La décision de l'Allemagne de remonter son taux de TVA a été une décision unilatérale qui a eu des effets positifs pour elle et des effets négatifs pour ses voisins. Quant à la création d'un ministre européen de l'économie, il me semble que la question ne peut pas se poser dès lors que l'Europe n'est pas une fédération et que, par ailleurs, son budget n'est que de l'ordre d'un pour cent du produit intérieur brut (PIB) européen. En revanche, il me semble souhaitable que nous fassions des propositions très concrètes pour renforcer la gouvernance européenne dans le domaine de la coordination des politiques économiques.

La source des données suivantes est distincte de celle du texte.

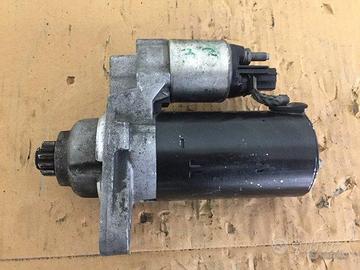 PBL722 Motorino Avviamento VW Polo 1.6 tdi 2009/-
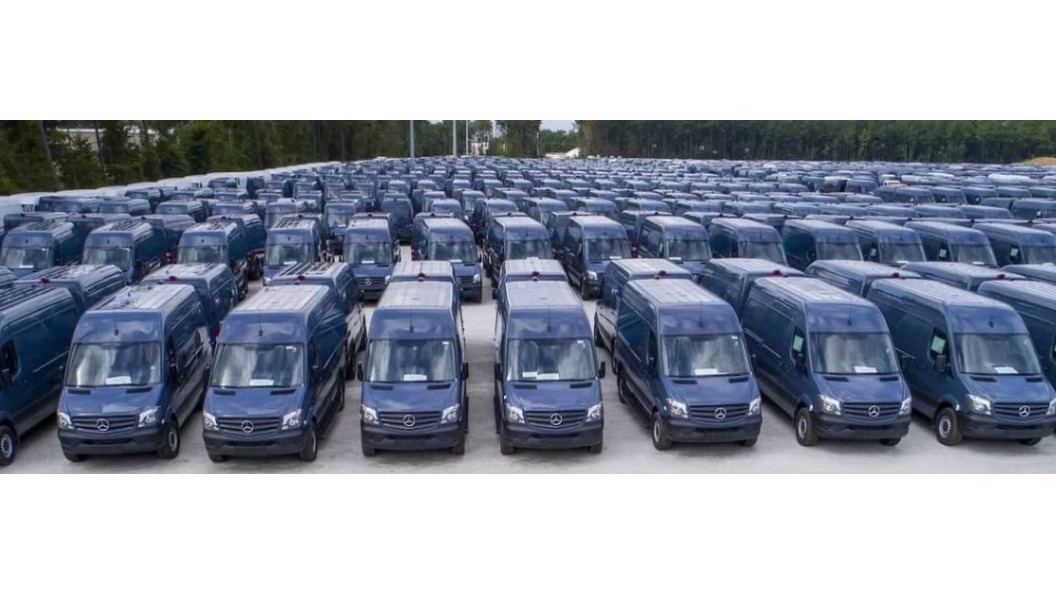 Tripeaks Logistics LLC
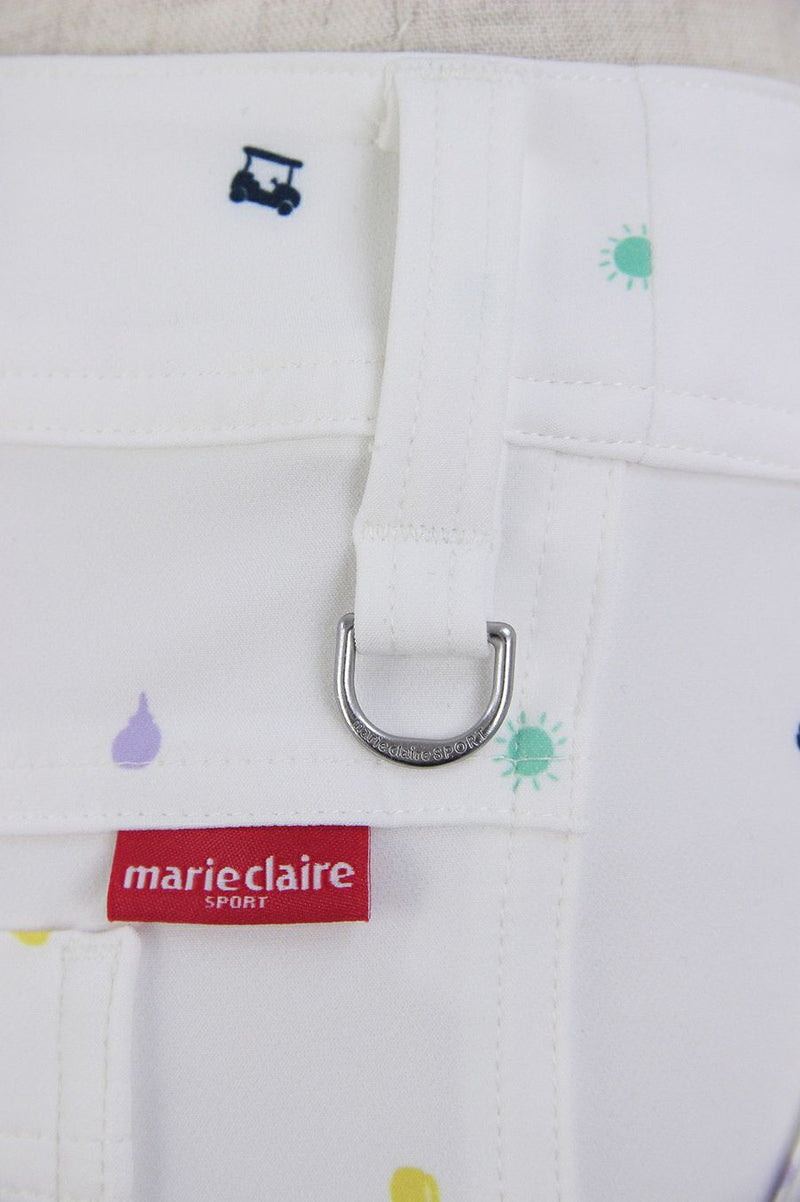 裤子Maricrail Sport Marie Claire Sport Golfware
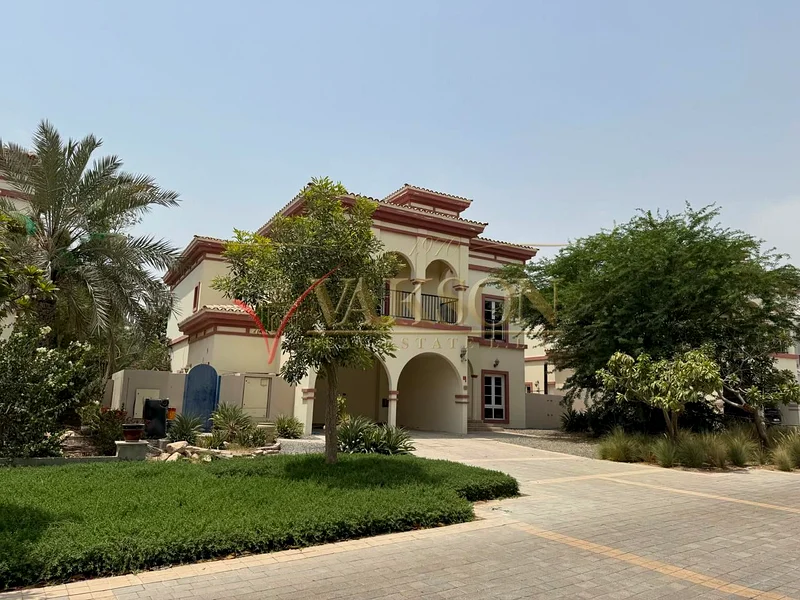 Spacious | Well Maintained | Maid Room636121025623071114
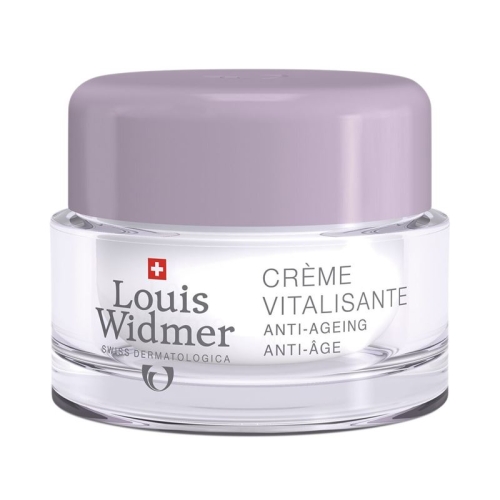 Widmer Cr Vital Tagescr Parf 50ml buy online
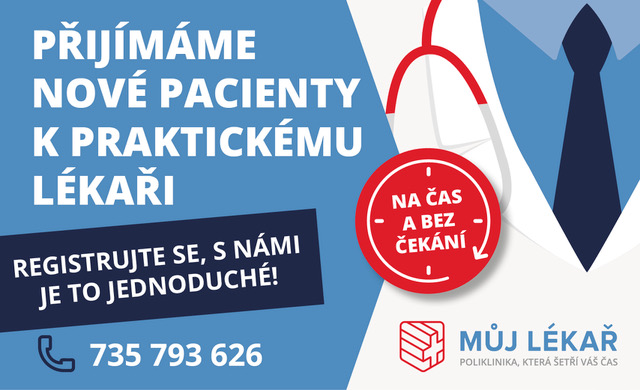 Aktuálně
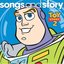 Songs and Story: Toy Story 2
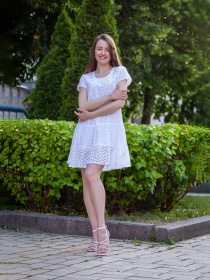 Сукня міні OnLady Модель 93396165 Фото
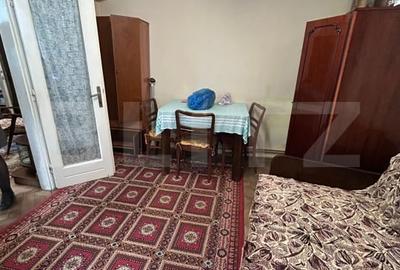 Apartament cu 2 camere semidecomandat, mobilat în Central - 3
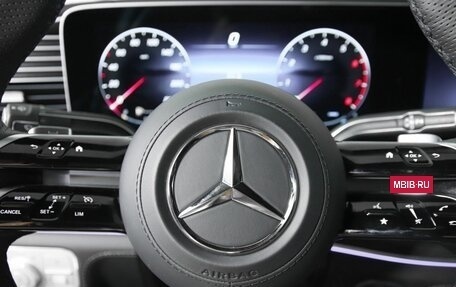 Mercedes-Benz GLE Coupe, 2025 год, 15 990 000 рублей, 16 фотография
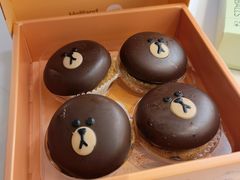 布朗可可派-好利来(荣民时代店)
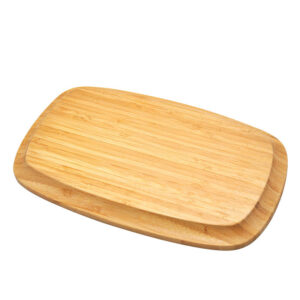 One Piece Large Bamboo Rolling Tray  Best Rolling Trays For Sale  PB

Il est toujours difficile de présenter clairement les tableaux élaborés par les économistes. Les études qui nous ont été remises étaient d'ailleurs particulièrement complexes à manipuler. Je reconnais que nous devons néanmoins faire des efforts pour en expliquer le contenu. Quant à la politique de dumping fiscal de l'Irlande, il me semble qu'il n'est pas possible de rester sans réagir face à certaines pratiques. C'est bien l'exemple type des conséquences négatives engendrées par l'absence de coordination des politiques économiques en Europe.

M. Denis Badré :

Le même problème existe avec les pays baltes. Est-il possible d'accepter tout à la fois le dumping fiscal et le versement d'aides européennes au titre de la cohésion ? C'est une situation qui peut être temporaire pendant la phase de rattrapage de ces pays, mais qui n'est plus acceptable à partir d'un certain niveau de développement. Dès l'instant où un État membre a atteint le standard moyen européen, on ne devrait plus tolérer qu'il recoure à des dérives non coopératives.

M. Robert del Picchia :

On rencontre actuellement la même situation en Slovaquie. Ce pays bénéficie d'aides de cohésion importantes et, dans le même temps, il attire de nombreuses entreprises qui viennent s'installer chez lui pour ne pas payer d'impôts sur les sociétés.

Mme Catherine Tasca :

On ne peut pas combattre le dumping fiscal sans harmonisation fiscale. De même, la pression sur les salaires, qui a été parfaitement montrée par le rapporteur, ne peut être combattue sans une politique sociale comportant un minimum de normes communes. Avec ces formes de dumping, on constate qu'aucun pays n'est finalement gagnant à long terme.